Turmoil has engulfed the Coders Kitchen. Right now, we will have our first post about How Fuzz Testing or Fuzzing is establishing itself as the number one technique for highly automated software testing. Or to be more precise: How does automatic value generation work in Fuzzing?
I my last post I shed some light on the Why – in my introduction into ‘Fuzzing – The Prequel‘.
And what is with all those fuzzing buzzwords floating around? I mean there are a metric ton of them, right?
Random based Fuzzing, Evolutionary Fuzzing, Mutation based Fuzzing, Structure aware Fuzzing, … (that list just goes on and on).
Do not fear – we will talk about all of them (and more beside) today!
Remember the Fuzzing cycle picture from before? This post is all about the first stage.
Most of you will probably be most interested in this one. Why?
Because automatic test case generation is damn cool – that’s why!
So let us jump right into it, shall we?
1. The general value generation approaches
If you were to break all of the following down to some core building blocks, you would get the following two principle approaches. All the more advanced forms use some variation of these or even combine both in some fashion.
- Generator based Fuzzing: The Fuzzer creates test values from scratch. It does not use any kind of reference input – although it may use meta information. Sometimes it is also called generation based Fuzzing.
Think of it like some hero (or villain) is building a super-powerful robot or cyborg from scratch – bonus points if he does it in a cave.
- Mutation based Fuzzing: The Fuzzer modifies existing values to create new ones. This obviously requires some kind of baseline input. We call this baseline the corpus or seed of the Fuzzer.
This is like someone getting bitten by a mutated insect and developing super powers or someone from a secret super soldier program.
2. Black, white, grey box Fuzzing: Cats love them all!
Sad news – I will not talk about cats in this section (or post for that matter). Boooh!
Rather, let’s talk about a commonly used distinction between Fuzzers: whether they follow a black box or white box approach (or maybe something in between).
So, what’s with all these boxes?
As usual: It depends.
In particular, there are several possible definitions for white vs black box Fuzzing. Grey box is at least somewhat consistently defined as “something in between true black and white box” – with respect to the writer’s respective definitions of those.
In general terms, black box defines a system where we cannot look inside and see what is happening within. We only see what is going in and coming out. A white box on the other hand allows us to see all (or at least most) of its inner machinations. So, calling it a transparent box would actually make a whole lot more sense, but oh well…
Now, various sources differ in how strict they define those two extremes.
No definition is like your own definition
I want to use a very straight forward definition here, which closely matches with the prerequisites of various Fuzzers.
- Black box: A system for which no additional information is available, especially not the source code.
- Grey box: A system for which only partial information is available but not the (complete) source code.

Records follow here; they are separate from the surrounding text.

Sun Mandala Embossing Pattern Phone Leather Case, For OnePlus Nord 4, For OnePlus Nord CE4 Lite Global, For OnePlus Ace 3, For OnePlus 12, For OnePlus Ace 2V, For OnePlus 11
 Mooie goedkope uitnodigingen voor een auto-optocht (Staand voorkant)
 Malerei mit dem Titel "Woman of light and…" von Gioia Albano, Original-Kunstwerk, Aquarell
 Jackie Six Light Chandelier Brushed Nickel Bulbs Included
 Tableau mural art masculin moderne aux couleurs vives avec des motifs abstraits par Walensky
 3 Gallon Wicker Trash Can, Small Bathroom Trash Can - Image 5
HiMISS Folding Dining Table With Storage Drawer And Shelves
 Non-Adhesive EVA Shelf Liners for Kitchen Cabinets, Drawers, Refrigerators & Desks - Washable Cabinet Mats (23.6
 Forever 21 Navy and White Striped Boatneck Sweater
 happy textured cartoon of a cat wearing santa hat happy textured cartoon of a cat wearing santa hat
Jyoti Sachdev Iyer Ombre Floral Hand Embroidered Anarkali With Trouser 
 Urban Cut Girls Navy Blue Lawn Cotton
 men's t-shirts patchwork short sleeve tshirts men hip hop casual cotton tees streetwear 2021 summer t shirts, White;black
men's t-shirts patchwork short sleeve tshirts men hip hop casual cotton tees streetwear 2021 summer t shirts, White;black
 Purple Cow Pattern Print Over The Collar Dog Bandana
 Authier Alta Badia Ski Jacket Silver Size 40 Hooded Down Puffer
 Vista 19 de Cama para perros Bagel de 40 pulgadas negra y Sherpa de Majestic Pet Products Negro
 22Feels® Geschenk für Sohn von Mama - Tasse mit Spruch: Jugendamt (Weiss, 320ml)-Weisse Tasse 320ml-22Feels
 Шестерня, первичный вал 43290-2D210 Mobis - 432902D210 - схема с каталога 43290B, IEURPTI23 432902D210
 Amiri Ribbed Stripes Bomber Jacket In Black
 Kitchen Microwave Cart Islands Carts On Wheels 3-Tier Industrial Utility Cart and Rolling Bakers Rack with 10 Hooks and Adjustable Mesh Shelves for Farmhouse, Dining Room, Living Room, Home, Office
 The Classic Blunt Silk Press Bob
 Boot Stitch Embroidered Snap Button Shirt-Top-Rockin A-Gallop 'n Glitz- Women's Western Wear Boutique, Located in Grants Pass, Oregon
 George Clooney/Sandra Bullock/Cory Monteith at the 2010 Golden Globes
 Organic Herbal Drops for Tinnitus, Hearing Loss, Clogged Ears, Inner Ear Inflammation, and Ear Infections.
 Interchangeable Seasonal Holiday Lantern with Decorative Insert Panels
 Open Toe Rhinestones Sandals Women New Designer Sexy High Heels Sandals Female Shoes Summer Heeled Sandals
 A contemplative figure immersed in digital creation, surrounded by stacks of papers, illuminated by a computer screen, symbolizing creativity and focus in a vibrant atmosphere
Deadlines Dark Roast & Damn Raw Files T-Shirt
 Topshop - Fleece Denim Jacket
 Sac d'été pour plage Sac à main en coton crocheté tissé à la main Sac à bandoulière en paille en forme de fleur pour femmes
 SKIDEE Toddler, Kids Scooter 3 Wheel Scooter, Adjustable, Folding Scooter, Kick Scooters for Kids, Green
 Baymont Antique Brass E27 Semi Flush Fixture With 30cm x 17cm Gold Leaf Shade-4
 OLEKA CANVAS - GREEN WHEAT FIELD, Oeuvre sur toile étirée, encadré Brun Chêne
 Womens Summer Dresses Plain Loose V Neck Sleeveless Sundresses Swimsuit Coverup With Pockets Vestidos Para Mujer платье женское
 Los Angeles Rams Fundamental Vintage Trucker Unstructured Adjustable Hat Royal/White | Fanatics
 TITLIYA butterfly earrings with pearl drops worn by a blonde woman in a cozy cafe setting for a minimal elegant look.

- White box: A system for which extensive information is available, including its source code and build environment.
In other words, if we can build the target from source (and thus can introduce changes), we will call it a white box.
About dumb and intelligent Fuzzers
Let’s say you start searching for information about fuzzing with your favorite search engine. Then you will – sooner or later – find the distinction between dumb (or simple) and intelligent (or smart, modern, …) Fuzzing.
But what does that even mean?
How can something as cool as automatic test value generation be considered dumb?
And what is meant with intelligent – is Artificial Intelligence in play here or something? (Ugh, please not another AI thingy…)
In the end, this distinction boils down to whether a Fuzzer uses additional information about the target or not:
- Fuzzers who make use of additional information about the target are usually referred to as intelligent.
- Those who do not (for a variety of reasons) are called dumb. A big sledgehammer if you will. If all you have is a hammer…
Personally, I consider this distinction to be of little help and will not use it.
Instead, I will introduce the actually used concepts used in real Fuzzers – this is a technical blog after all.
We don’t care much for marketing phrases – we want to look under the lid, right?
So let me open the lid for you…
3. Value generation techniques – the simple ones
There are two basic techniques that are used by more advanced variant like building blocks. Both of these are black-box techniques.
- Random based Generator: this is the most simple generator based Fuzzing approach thinkable. We simply use random values as input for the target. As I discussed in ‘The Prequel’, this approach is still remarkably powerful and incredibly easy to implement. It was also the very first real Fuzzer as introduced by Barton Miller.
- Random based Mutator: is the mutation based variant of the above. We take a known input of the system and randomly mutate it. For example by flipping a random number of bits. Or do some shifting or swapping bits around. Maybe apply some simple math on it, like adding or subtracting one.
As noted above, this technique requires a corpus (or seed) so it is also sometimes called corpus based fuzzing. Still simple and powerful. Might yield better results for complex input data than a random based generator – if a good corpus is available.
4. Value generation techniques – structure-aware Fuzzing
This generator approach uses a certain amount of knowledge about the structure of the input data. Thus, structure-aware Fuzzing falls into the grey box area. We know a bit about the system but don’t have the source code.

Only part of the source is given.